No Third Trial For Former Bond Trader Litvak

Posted On Tuesday, July 31, 2018

What Happened?

After the U.S. Court of Appeals for the Second Circuit reversed former Jefferies Group bond trader Jesse Litvak’s securities fraud conviction for the second time, the government moved to dismiss the indictment against him, thus ending a five-year criminal case.

The Rundown

In 2014, Litvak was convicted in the U.S. District Court for the District of Connecticut on multiple counts of securities fraud and making false statements for defrauding a federal program designed to aid the mortgage-backed securities market after the financial crisis. He was sentenced to twenty-four months’ incarceration and a $1.75 million criminal fine, but the U.S. Court of Appeals for the Second Circuit reversed, holding that the district court had committed reversible error by excluding defense expert testimony.

The government tried Litvak again, and in 2017, a jury convicted him on one count of securities fraud for lying to a portfolio manager for the price he paid for a mortgage-backed bond.

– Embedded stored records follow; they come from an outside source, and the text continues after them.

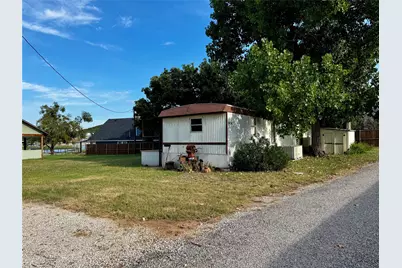 1909 Buck Run, Graford, TX 76449 - Photo 13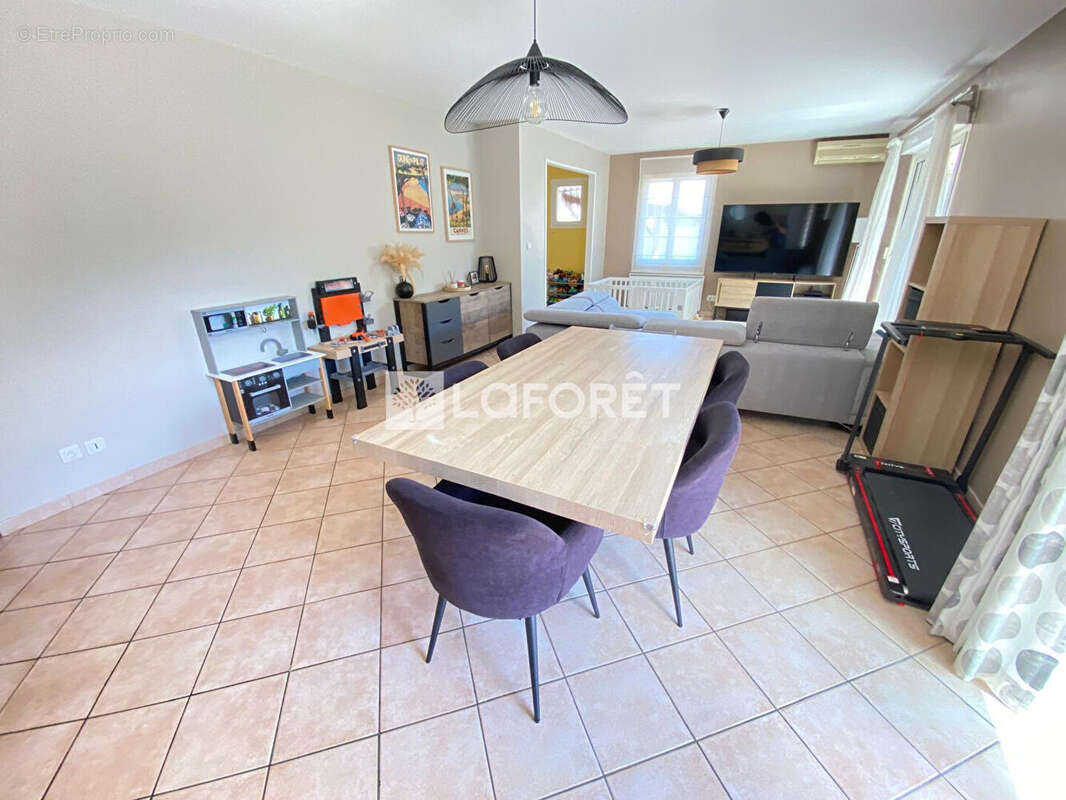 Maison à MARTIGNAS-SUR-JALLE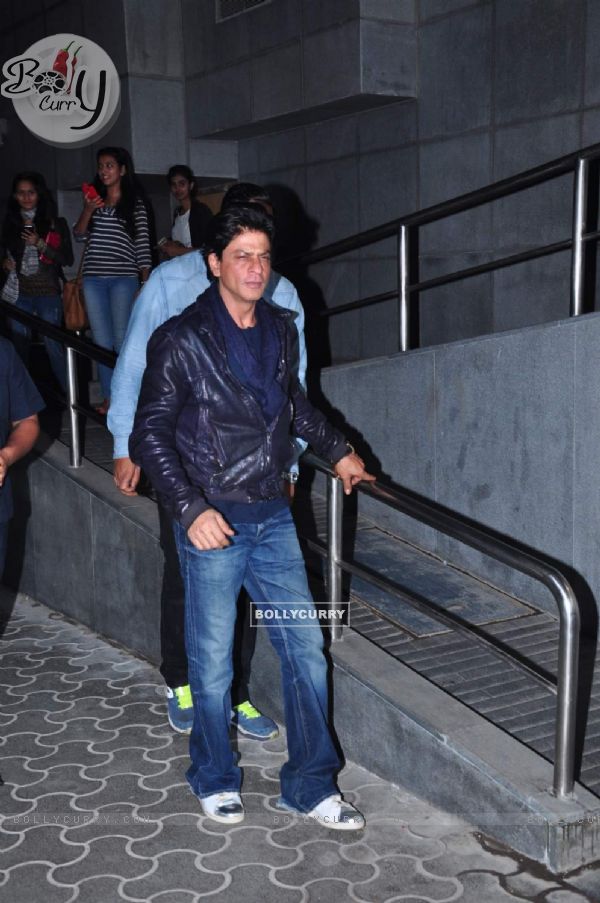 SRK t Special Screening of Dilwale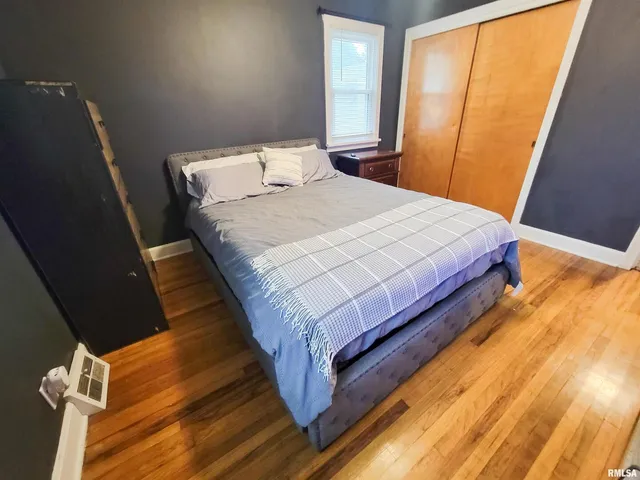 $124,900 | 221 Hickory Street, Flora, IL 62839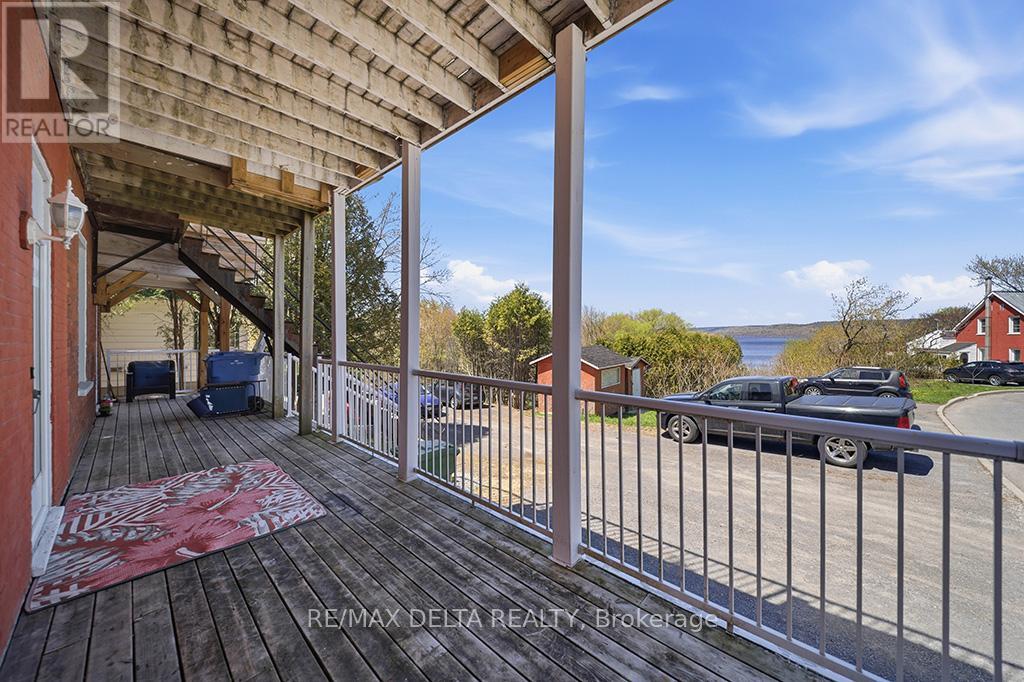 1040-1042 KING STREET - 8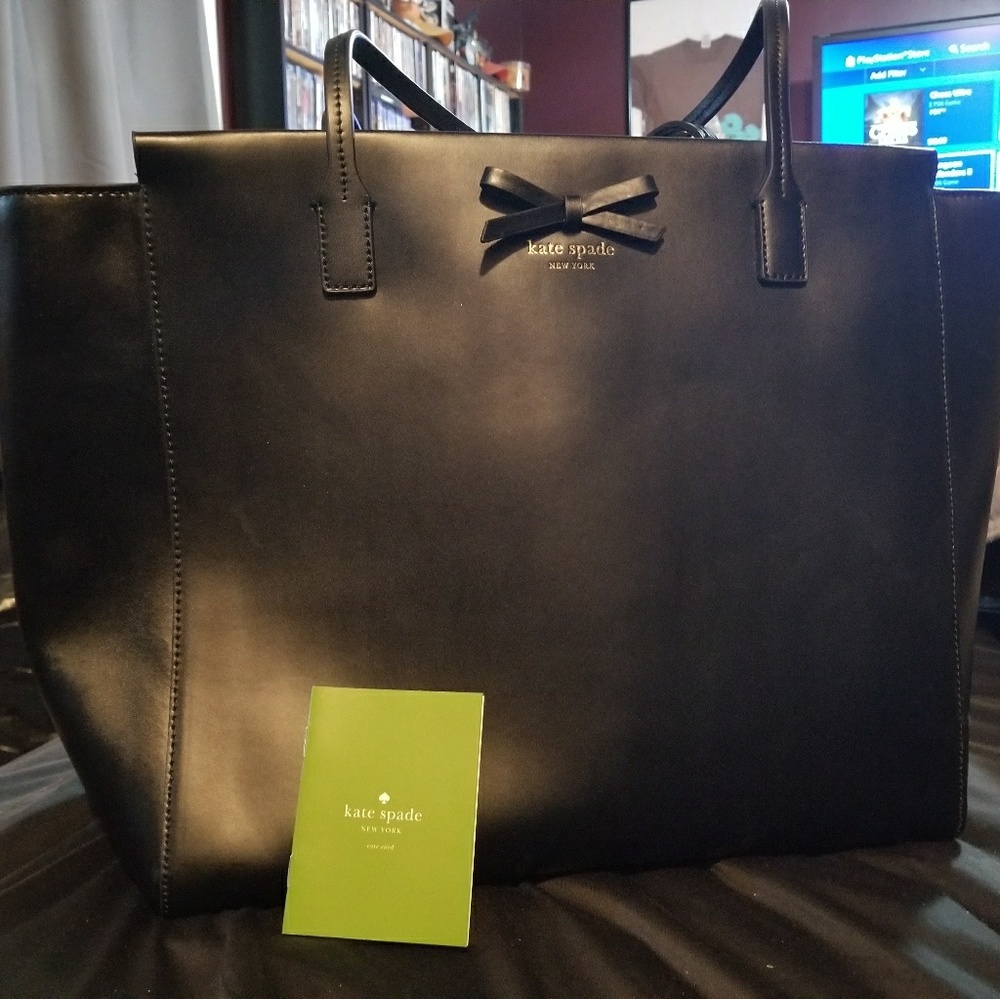 NWOT large Kate Spade tote.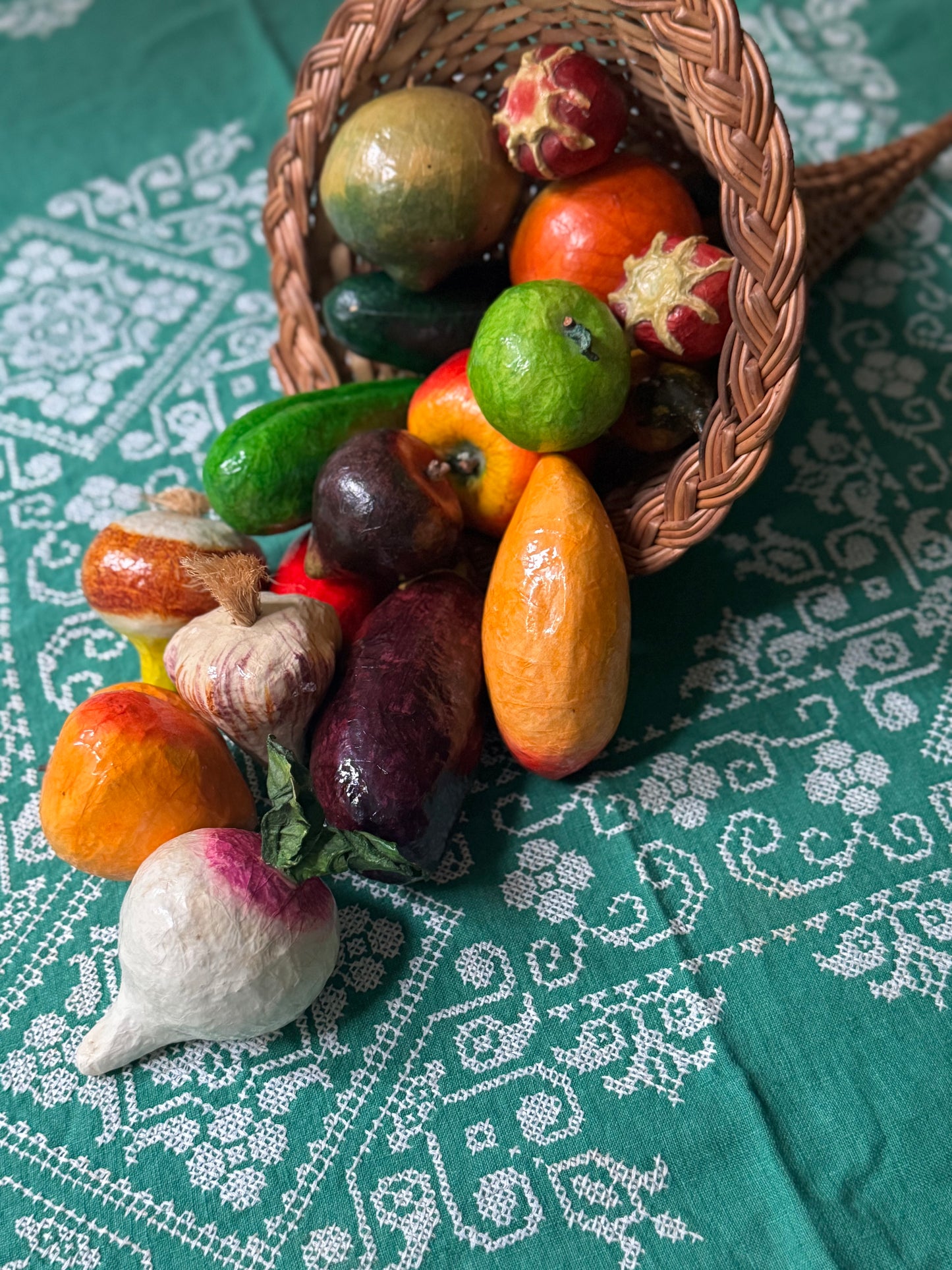 Papier-Mâché Produce (21 pieces)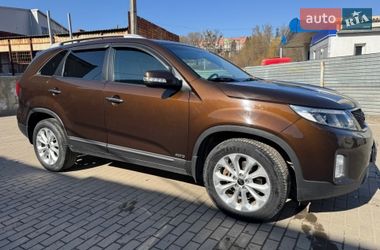Внедорожник / Кроссовер Kia Sorento 2014 в Черновцах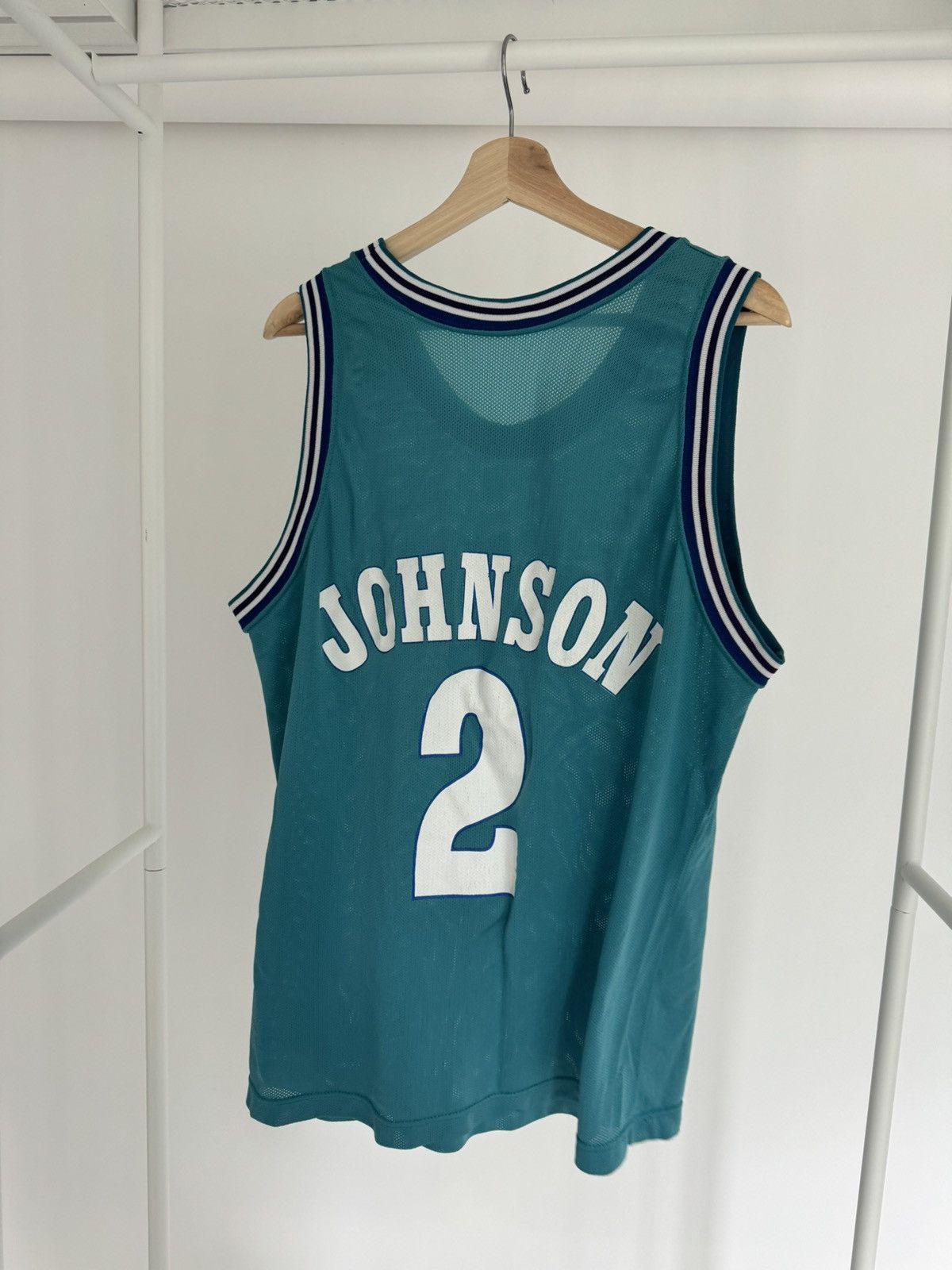 Champion Larry Johnson Charlotte Hornets Champion Jersey size 44 Size US S / EU 44-46 / 1 - 2 Thumbnail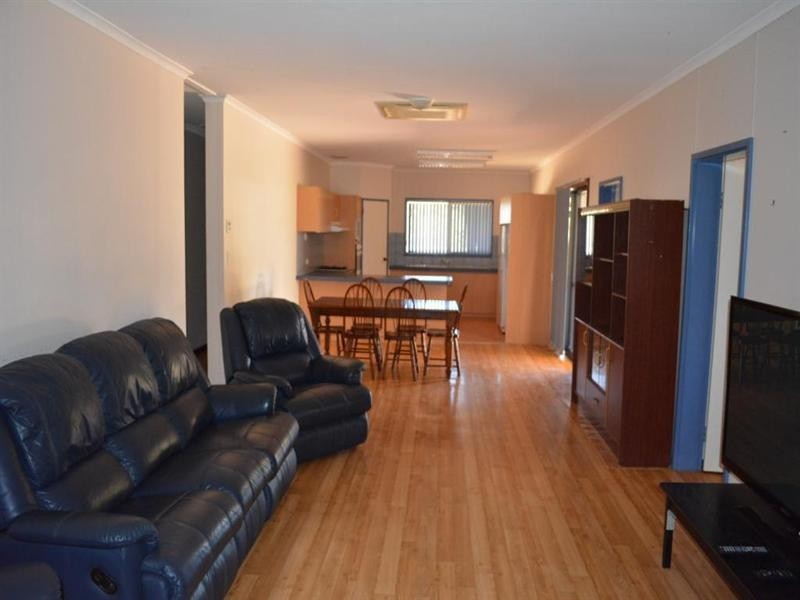 11 Finnerty Street, East Carnarvon WA 6701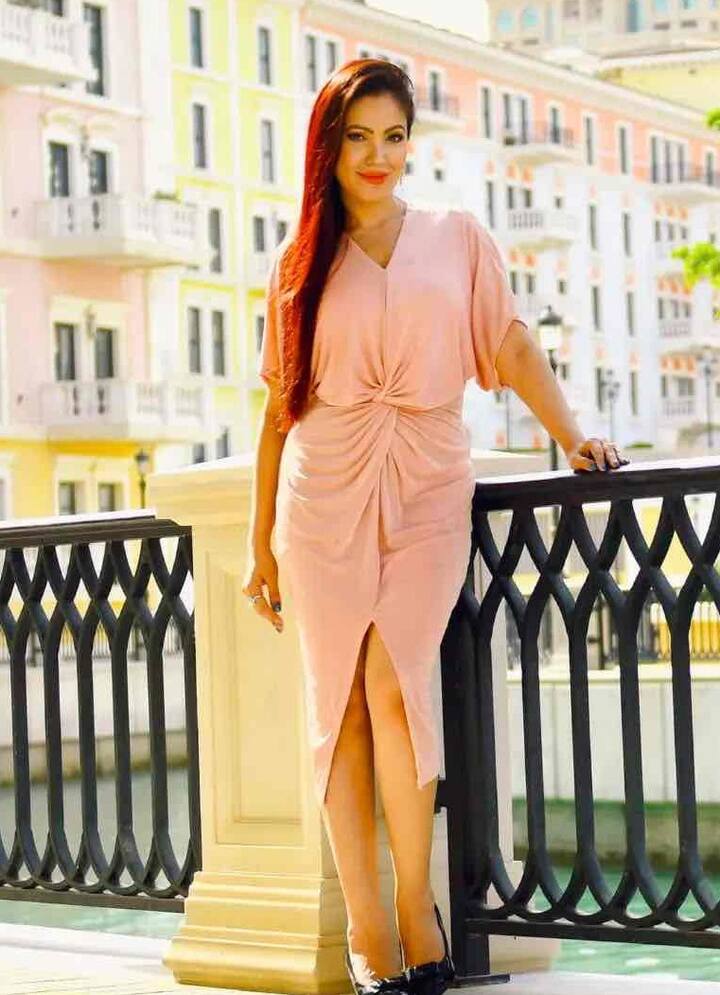 મુંબઇઃ ટીવી એક્ટ્રેસ મુનમુન દત્તા એક્ટિંગની સાથે સાથે પોતાની હોટનેસના કારણે ચર્ચામાં રહે છે. નિયમોન પેન્ટ સૂટમાં મુનમુન સિમ્પલ હોવા છતાં ગ્લેમરસ લાગી રહી છે. મુનમુન પોતાના અલગ લૂકની તસવીરો સોશિયલ મીડિયા પર શેર કરતી રહે છે.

The manager testified that he believed Litvak had been acting as his agent and owed him accurate information about the bond’s price.  He was again sentenced to twenty-four months’ incarceration. In May 2018, the U.S. Court of Appeals for the Second Circuit again reversed the conviction. It held that the manager’s testimony was erroneously admitted as his subjective belief as to an agency relationship was both irrelevant and misleading to the jury. The Court ordered Litvak, who had been incarcerated since September 2017, to be freed pending retrial.

Earlier this month, the U.S. Court of Appeals for the Second Circuit denied the government’s motion for reconsideration. The government thus moved to dismiss the case against Litvak

For the Record

“This case has again been remanded to the Court following an evidentiary ruling by the Second Circuit. Two juries have found the defendant Jesse C. Litvak guilty of securities fraud, the Court and the Second Circuit have twice found that there was sufficient evidence to support those convictions, and the Second Circuit has twice validated the Government’s prosecution theory and held that the defendant’s misrepresentations were not immaterial as a matter of law. Nonetheless, in light of the totality of the circumstances unique to this case, the Government has concluded that the interests of justice would not be served by a third trial.” – Government’s motion to dismiss

The Take Away

After two trials, five years of litigation, and months of incarceration as a result of two convictions, Jesse Litvak’s involvement with the federal criminal system has come to an end.